Supreme Court decision changes police and prosecutor practices
A few years ago the Supreme Court dismissed an appeal court conviction in the case of a driver who had smoked cannabis before getting behind the wheel. THC-COOH "does not affect the ability to drive nor endanger traffic safety even at high levels," the court said in its ruling.
Since that ruling, police and prosecutors have changed their practices to bring them in line with the court’s judgment. Prosecutors no longer press charges solely on the basis of the presence of THC-COOH in the blood, or when the police have confirmed that there is no reason to suspect an offence was committed.
"We have acted in accordance with the Supreme Court guideline, in other words for the most part we do not lay charges. Before [the precedent] it led to charges," noted district prosecutor Tero Kekki.
"We have reacted and practices have changed.
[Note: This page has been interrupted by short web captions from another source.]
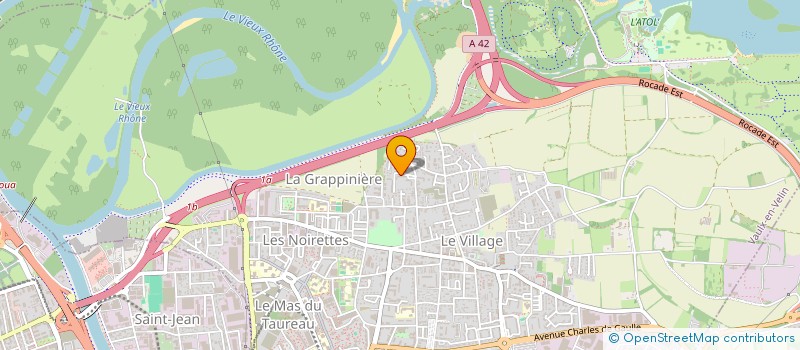 localisation de l'entreprise 894 877 547   VAULX-EN-VELIN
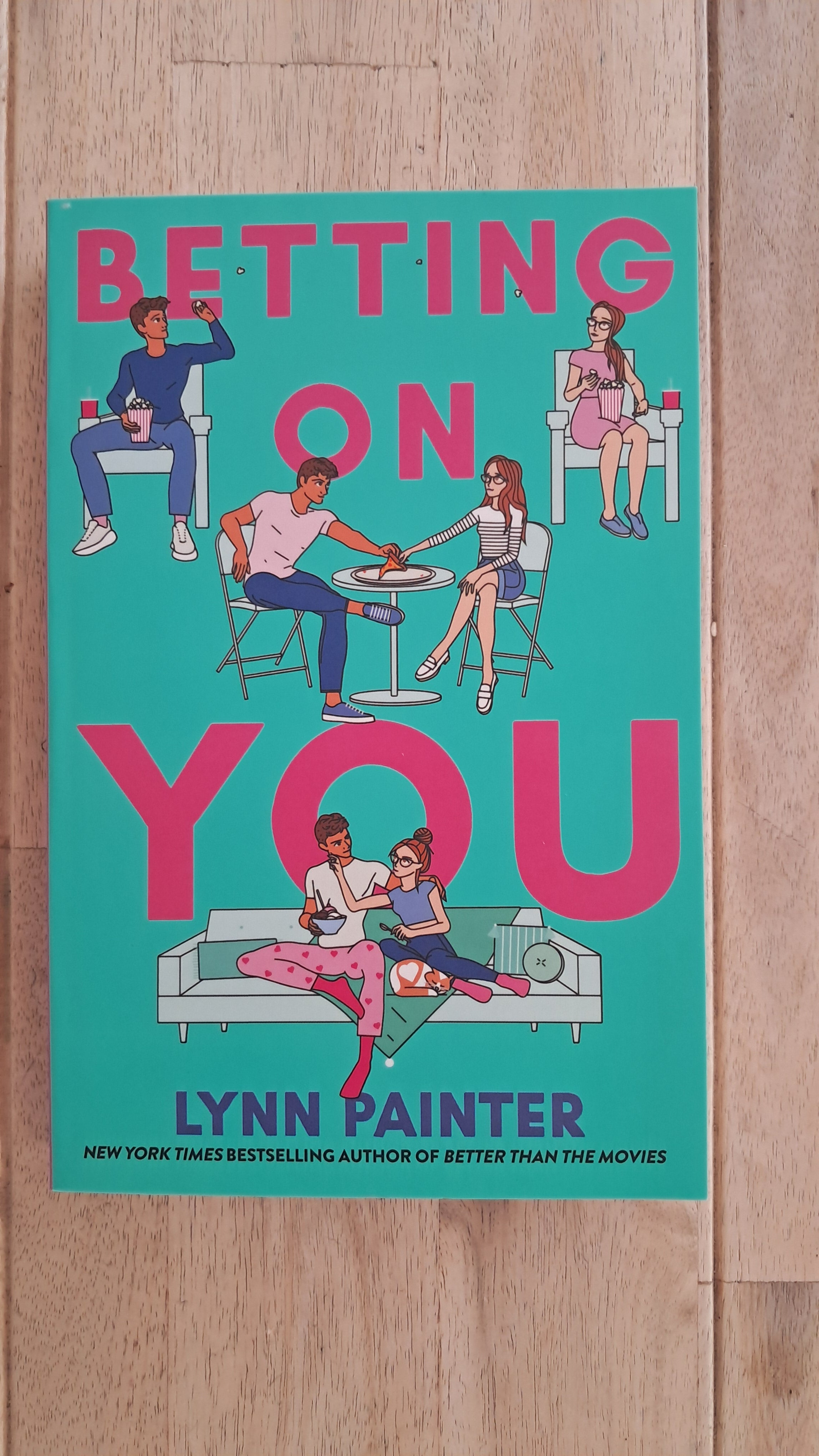 Betting on You – Lynn Painter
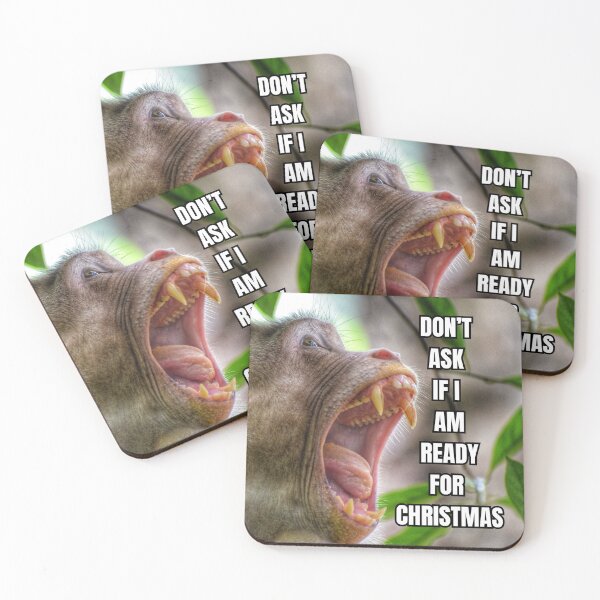 Item preview, Don't ask if I am ready for Christmas designed and sold by GasconyPassion.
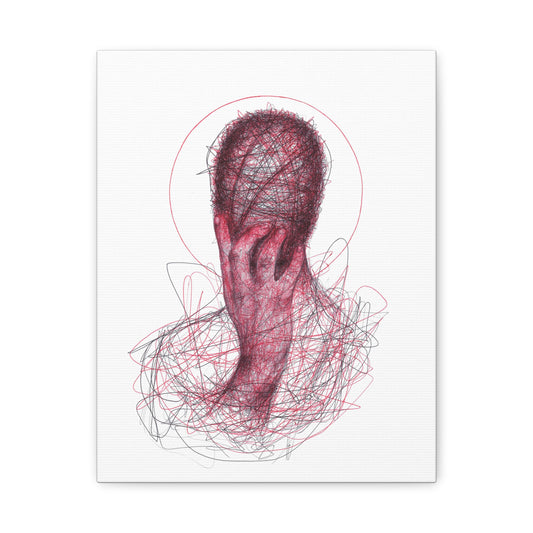 She (Canvas Print)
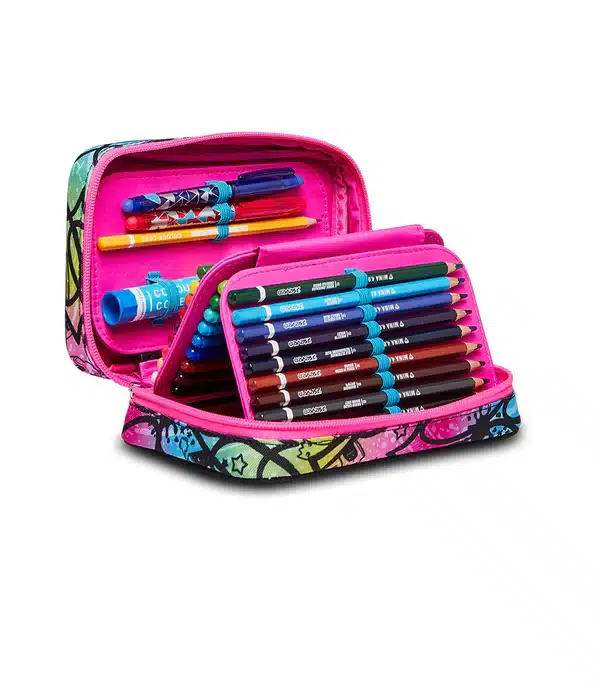 Astuccio SPEED CASE Seven COLOUR EXPRESSION con Scomparti Estraibili - immagine 2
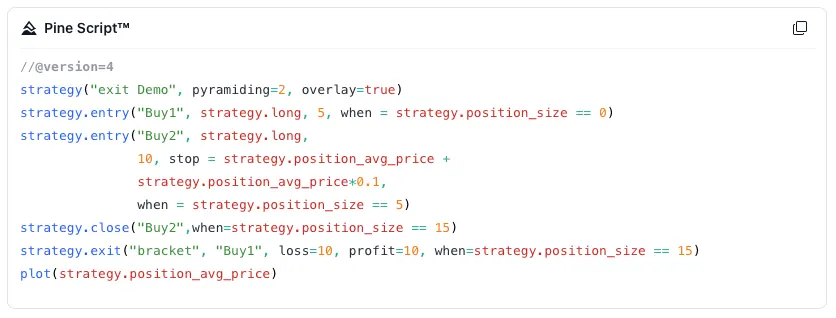 TradingView-PineScript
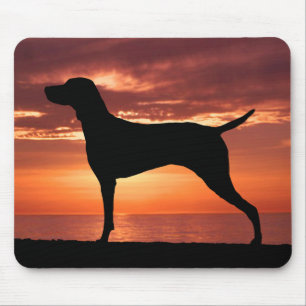 Vizsla マウスパッド
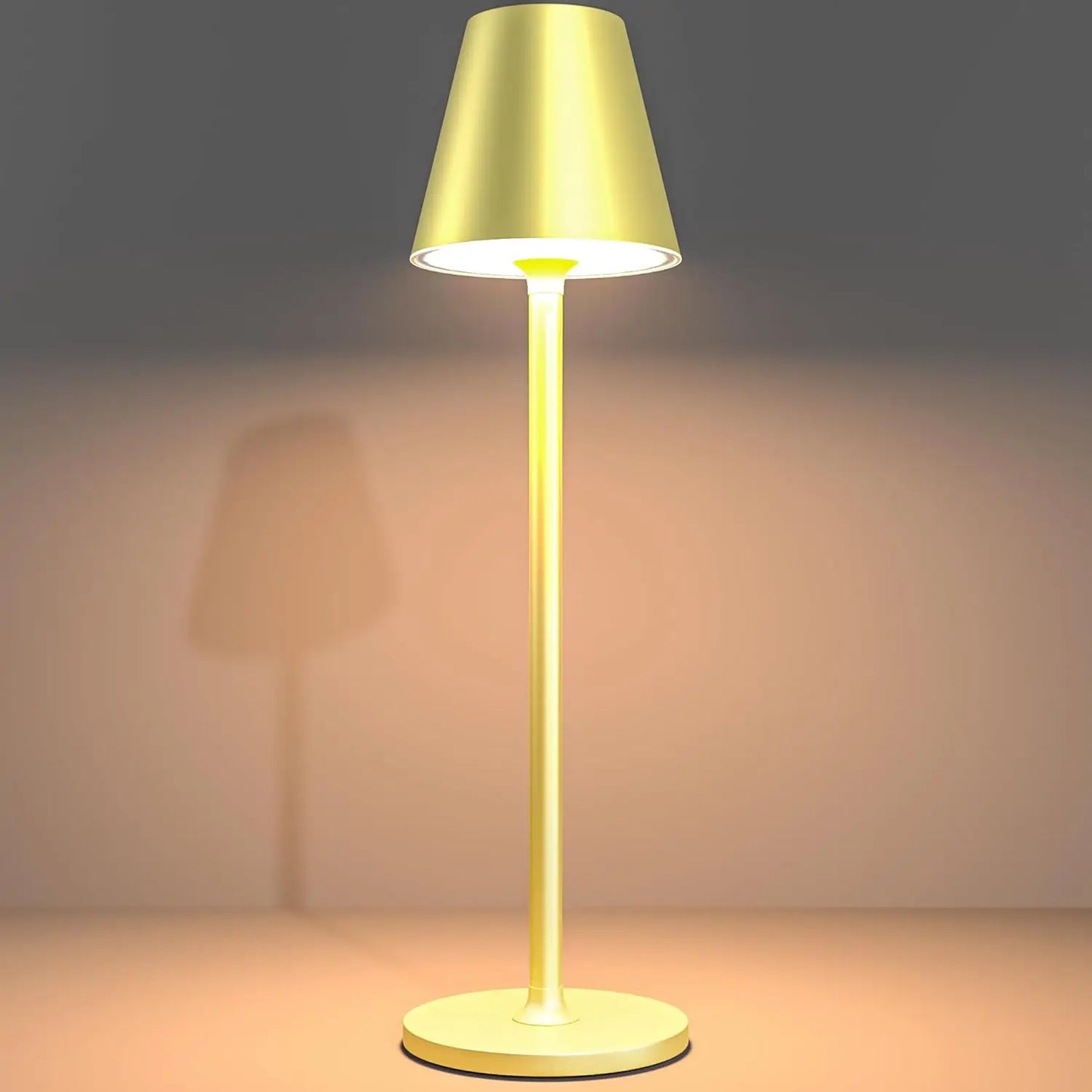 LED CordlessTable Lamp with Rechargeable Battery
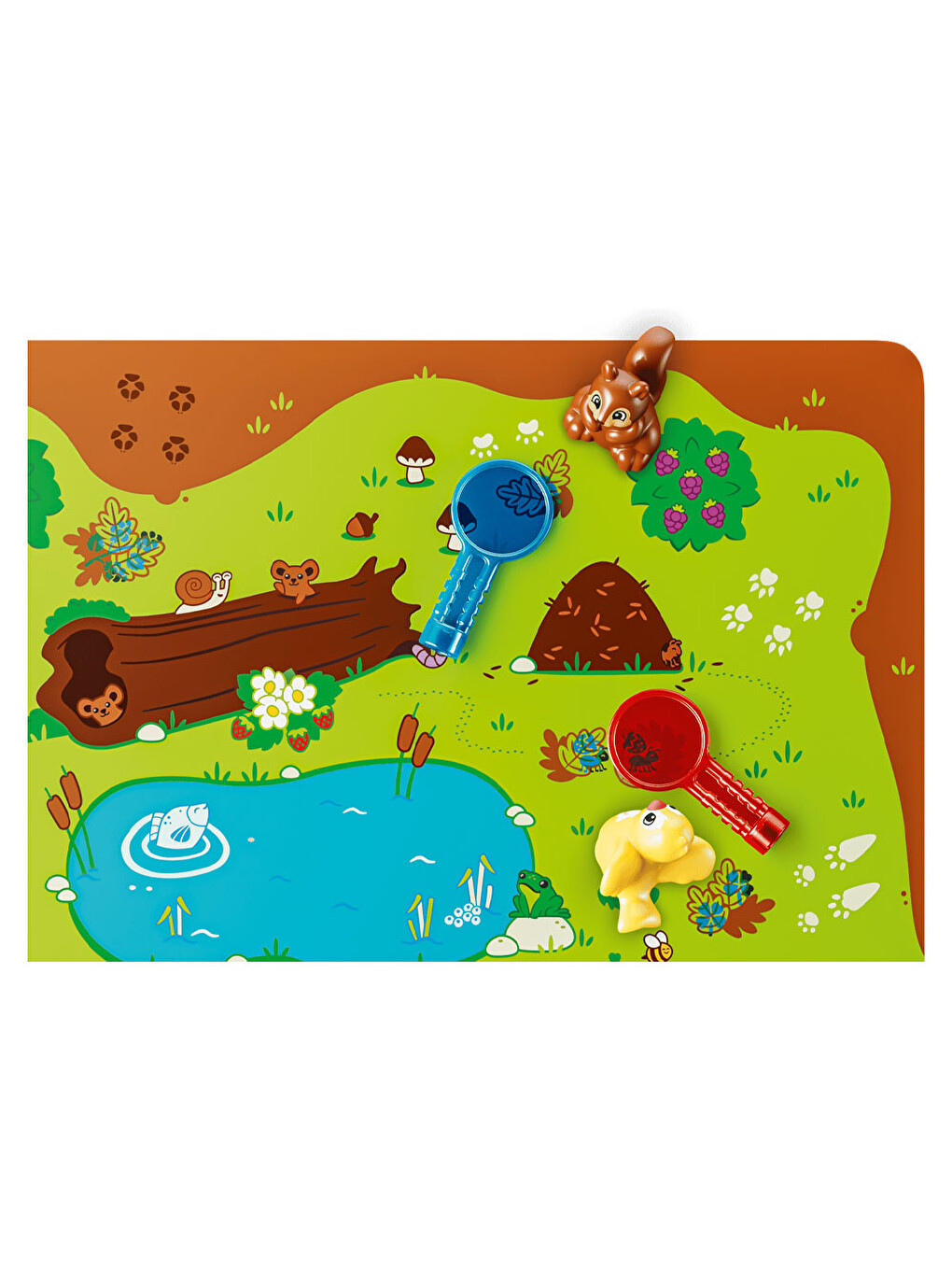 Duplo Vahşi Hayvanlarla Keşif Ormanı 10480-5
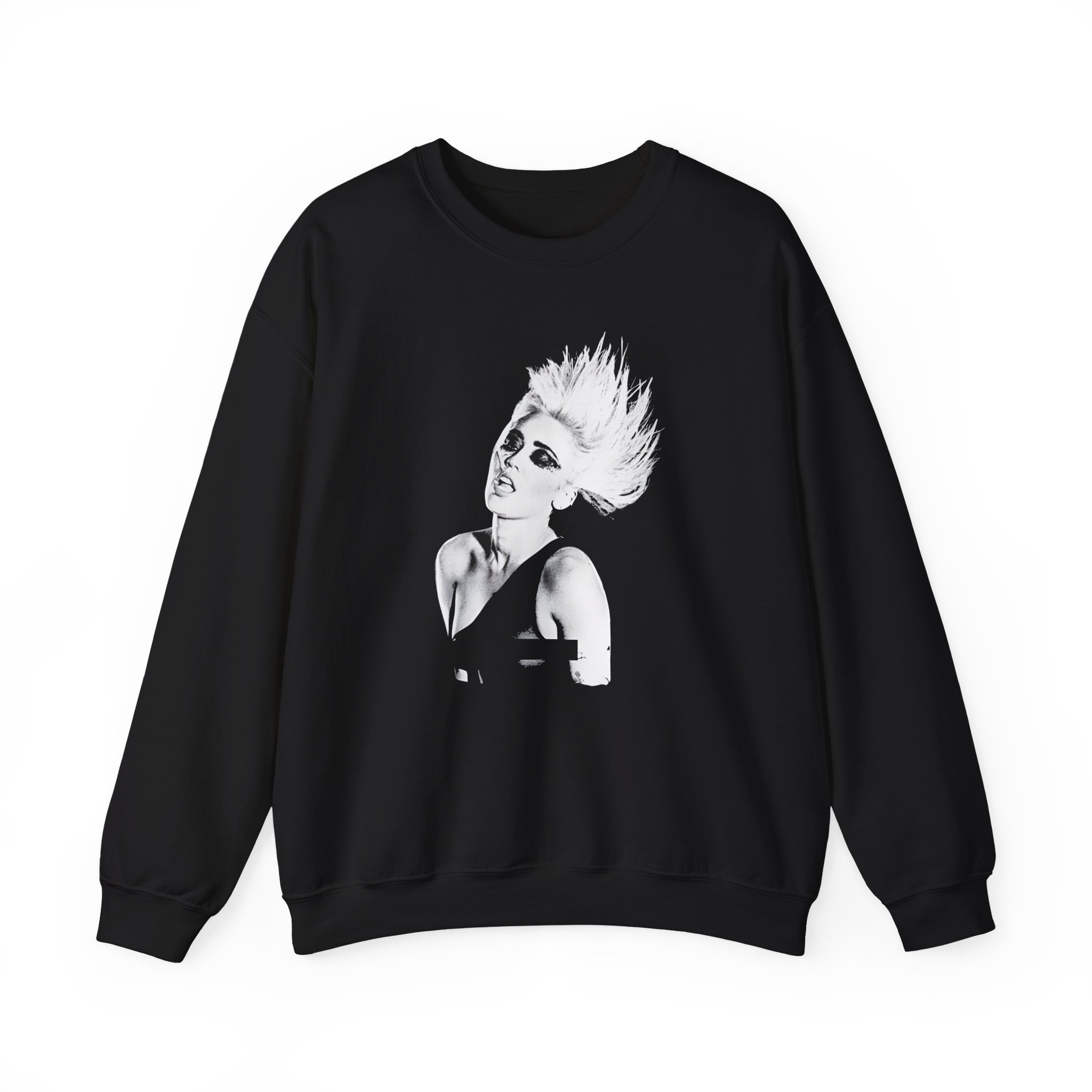 Miley Cyrus Serving Face South America Tour Unisex Heavy Blendâ„¢ Crewneck Sweatshirt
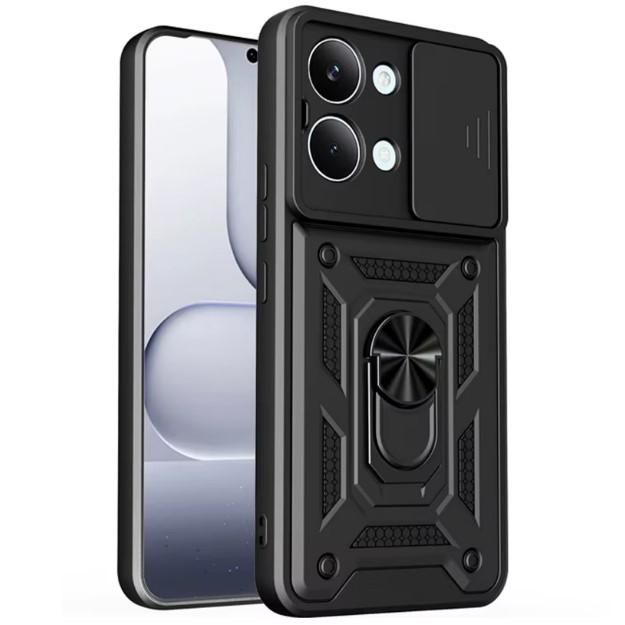 Накладка Camshield Serge Ring  для Xiaomi Poco X8 Pro Max чорна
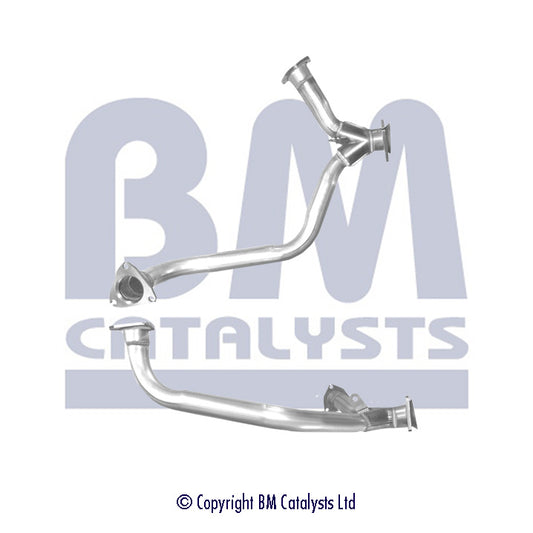 Vorderrohr für AUDI A6 2.6L Benzin | Euro 2 | OEM: 4A0253101BD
So we don’t do any unnecessary work," commented detective inspector Ilpo Pajunen of the Helsinki police department.
In spite of the precedent-setting case, officials have still sanctioned motorists for driving days after cannabis use in the period since the ruling.
The reason for the lag can be found in Finland’s criminal code, which calls for a driver to be cited for DUI if their blood has "an active substance or metabolite of a drug used" during the time they were driving or shortly afterwards.
In its judgment, the Supreme Court noted the need for legislative changes. Preliminary drafts state that the drunk driving offence should not be applied to cases where a motorist’s ability to drive cannot be said to have deteriorated due to drug use.
Increase in drug-related DUIs
Growing numbers of drivers on Finnish roads are people pulled over for DUIs caused by drug use, with amphetamines the substance most commonly detected in these cases. Last year, police reported 5,107 such cases.
Cannabis metabolites were the second-most-frequently found substances. In 2018, records showed 1,784 hits of THC in lab samples and 3,794 of THC-COOH.
Moreover, the majority of blood samples handed over to the National Bureau of Investigation, NBI, contained several intoxicants. From the perspective of the subjects’ ability to drive, the least significant substance is not necessarily THC, but other possible drugs – or even the more traditional alcohol.
Police also said that drivers are sent for drug testing when they feel there is reason to suspect drugs are involved. For example, when the breathalyser registers no alcohol, but driving ability is clearly impaired.
Pajunen said that he suspects that drivers who have used cannabis days before and are then able to manage a vehicle do not end up being tested for drugs.
"There must be some kind of trigger to suspect the influence of drugs. Behaviour, driving mistakes or something like that," he added.